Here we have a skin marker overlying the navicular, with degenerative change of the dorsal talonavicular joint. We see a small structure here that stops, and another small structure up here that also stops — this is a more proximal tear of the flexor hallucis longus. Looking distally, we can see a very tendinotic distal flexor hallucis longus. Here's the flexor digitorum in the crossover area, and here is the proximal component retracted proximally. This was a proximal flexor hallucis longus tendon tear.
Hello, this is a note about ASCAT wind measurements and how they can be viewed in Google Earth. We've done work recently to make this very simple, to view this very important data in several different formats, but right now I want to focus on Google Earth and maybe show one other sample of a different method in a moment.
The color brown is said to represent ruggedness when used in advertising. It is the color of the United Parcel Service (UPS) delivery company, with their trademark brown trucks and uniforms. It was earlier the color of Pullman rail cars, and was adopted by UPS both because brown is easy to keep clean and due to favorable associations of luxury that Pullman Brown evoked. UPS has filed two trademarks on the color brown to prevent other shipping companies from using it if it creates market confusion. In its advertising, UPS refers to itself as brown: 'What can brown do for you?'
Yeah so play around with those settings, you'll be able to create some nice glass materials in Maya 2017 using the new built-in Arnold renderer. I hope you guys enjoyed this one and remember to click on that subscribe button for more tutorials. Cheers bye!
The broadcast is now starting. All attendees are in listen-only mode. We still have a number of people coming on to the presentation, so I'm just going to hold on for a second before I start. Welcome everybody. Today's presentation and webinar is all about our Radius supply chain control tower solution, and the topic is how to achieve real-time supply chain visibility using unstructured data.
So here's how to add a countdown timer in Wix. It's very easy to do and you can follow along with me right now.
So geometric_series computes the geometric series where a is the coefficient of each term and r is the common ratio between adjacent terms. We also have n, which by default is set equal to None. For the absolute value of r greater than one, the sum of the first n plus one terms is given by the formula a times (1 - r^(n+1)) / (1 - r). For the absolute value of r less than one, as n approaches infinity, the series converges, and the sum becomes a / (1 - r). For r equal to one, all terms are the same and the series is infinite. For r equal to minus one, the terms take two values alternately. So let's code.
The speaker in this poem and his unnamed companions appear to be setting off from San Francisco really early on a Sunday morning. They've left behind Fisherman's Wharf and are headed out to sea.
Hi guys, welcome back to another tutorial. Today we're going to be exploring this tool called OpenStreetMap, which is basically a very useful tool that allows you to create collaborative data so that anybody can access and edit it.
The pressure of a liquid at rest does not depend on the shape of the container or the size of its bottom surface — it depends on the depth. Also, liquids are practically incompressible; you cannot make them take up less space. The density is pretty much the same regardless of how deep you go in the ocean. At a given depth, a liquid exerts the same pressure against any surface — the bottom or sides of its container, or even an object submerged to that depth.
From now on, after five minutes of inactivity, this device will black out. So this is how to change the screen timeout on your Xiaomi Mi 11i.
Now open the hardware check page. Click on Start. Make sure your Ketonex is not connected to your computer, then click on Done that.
==
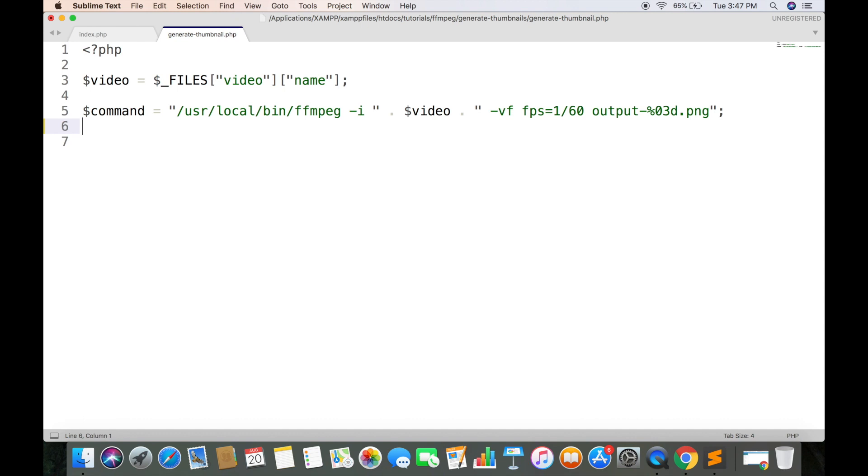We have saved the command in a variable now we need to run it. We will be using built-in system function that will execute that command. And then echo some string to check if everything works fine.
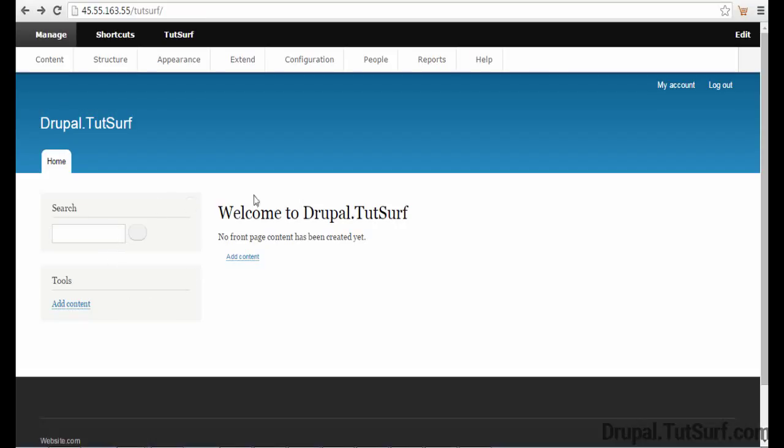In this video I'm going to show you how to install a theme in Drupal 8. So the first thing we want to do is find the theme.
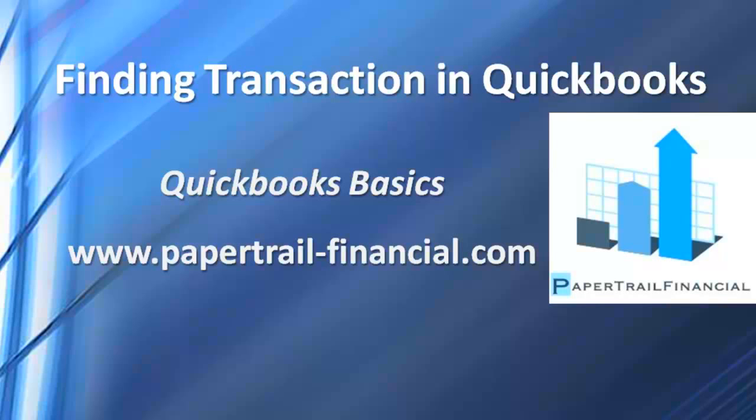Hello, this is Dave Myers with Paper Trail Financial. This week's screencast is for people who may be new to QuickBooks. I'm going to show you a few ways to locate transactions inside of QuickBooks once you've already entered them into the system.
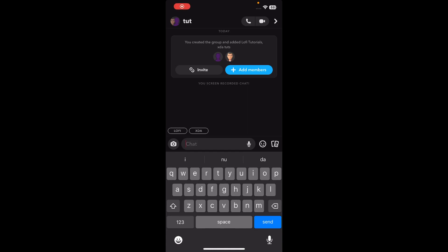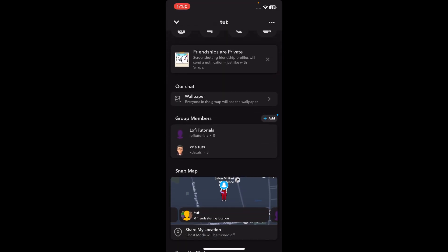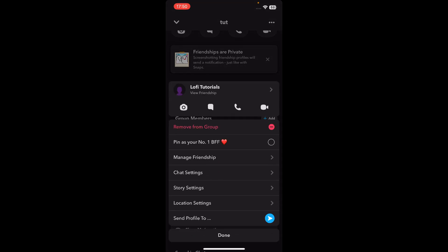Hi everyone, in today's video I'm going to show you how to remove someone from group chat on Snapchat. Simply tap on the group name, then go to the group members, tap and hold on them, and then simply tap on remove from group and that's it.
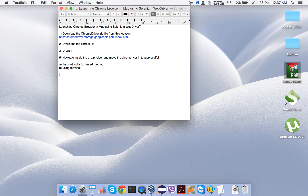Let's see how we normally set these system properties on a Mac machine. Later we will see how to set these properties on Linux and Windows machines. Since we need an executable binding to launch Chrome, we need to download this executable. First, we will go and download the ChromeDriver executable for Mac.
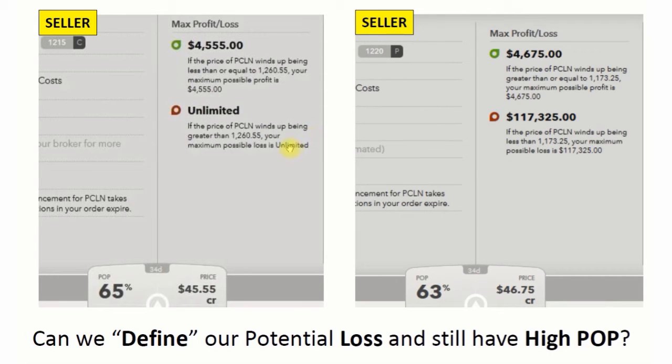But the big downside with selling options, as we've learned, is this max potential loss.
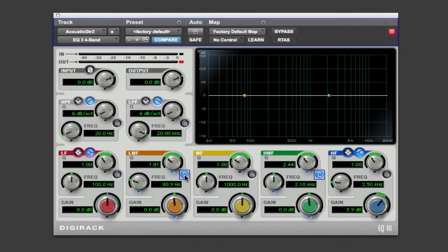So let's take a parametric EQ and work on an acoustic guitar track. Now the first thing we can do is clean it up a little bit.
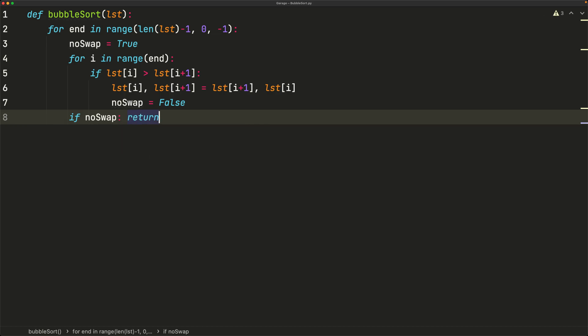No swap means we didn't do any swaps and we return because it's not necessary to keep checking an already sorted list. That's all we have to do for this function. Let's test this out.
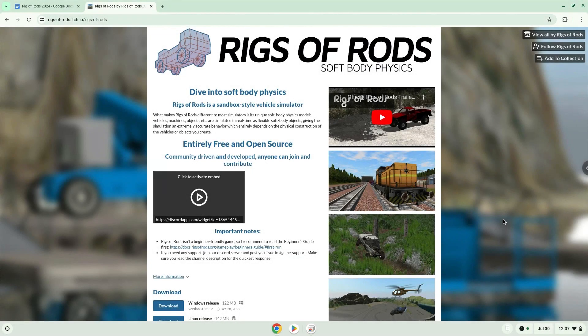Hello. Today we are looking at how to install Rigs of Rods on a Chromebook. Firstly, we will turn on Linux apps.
--
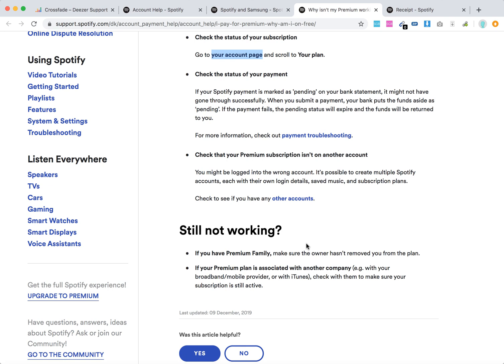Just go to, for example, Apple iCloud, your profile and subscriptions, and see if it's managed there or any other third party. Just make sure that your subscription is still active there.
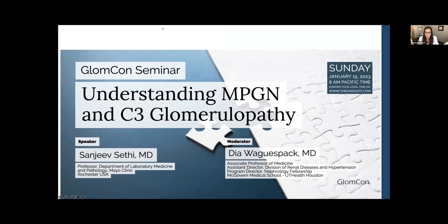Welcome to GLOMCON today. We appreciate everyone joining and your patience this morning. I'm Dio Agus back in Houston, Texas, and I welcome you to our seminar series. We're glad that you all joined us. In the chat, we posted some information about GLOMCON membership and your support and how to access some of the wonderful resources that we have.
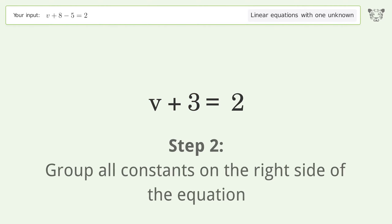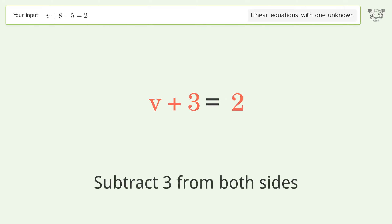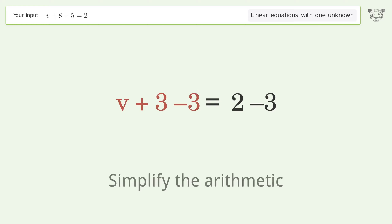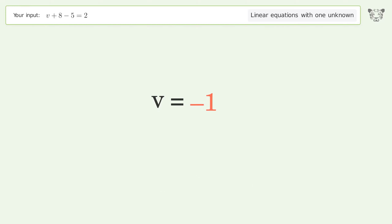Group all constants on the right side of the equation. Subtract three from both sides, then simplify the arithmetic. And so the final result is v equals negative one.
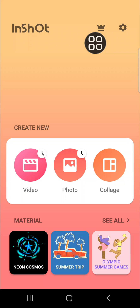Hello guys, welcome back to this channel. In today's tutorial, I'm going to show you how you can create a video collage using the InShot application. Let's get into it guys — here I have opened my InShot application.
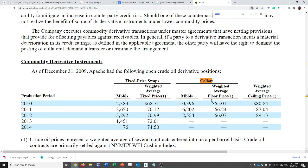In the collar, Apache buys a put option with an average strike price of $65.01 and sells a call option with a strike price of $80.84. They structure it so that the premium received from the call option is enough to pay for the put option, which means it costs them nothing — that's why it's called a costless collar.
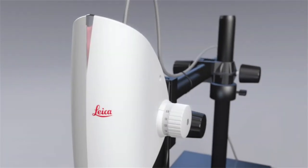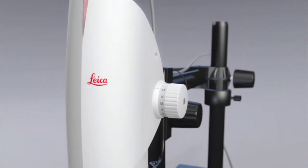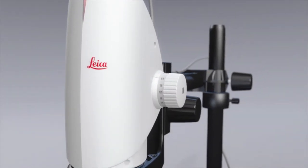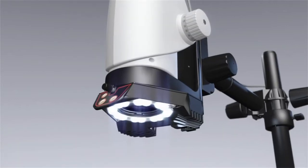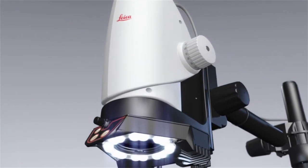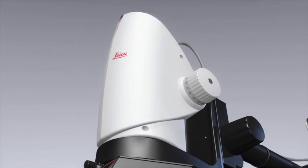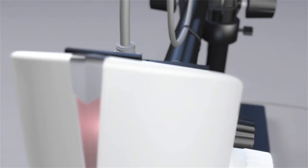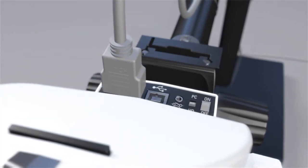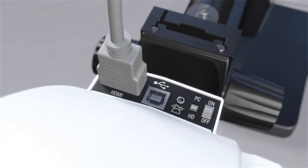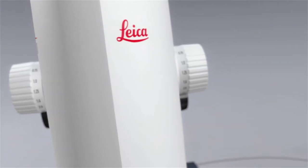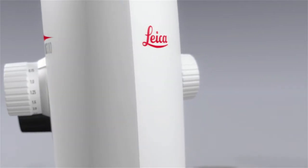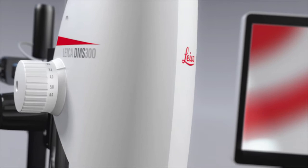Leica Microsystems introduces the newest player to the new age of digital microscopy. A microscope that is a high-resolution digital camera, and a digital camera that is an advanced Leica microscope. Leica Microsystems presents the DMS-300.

» **WORK INSTRUCTION**: Using the data above, output the line that has "Group all constants", the line that has "Hello guys, welcome", and whatever lines fall between, each exactly as it stands and without pictures.

» **YOUR RESPONSE**:
Group all constants on the right side of the equation. Subtract three from both sides, then simplify the arithmetic. And so the final result is v equals negative one.
Hello guys, welcome back to this channel. In today's tutorial, I'm going to show you how you can create a video collage using the InShot application. Let's get into it guys — here I have opened my InShot application.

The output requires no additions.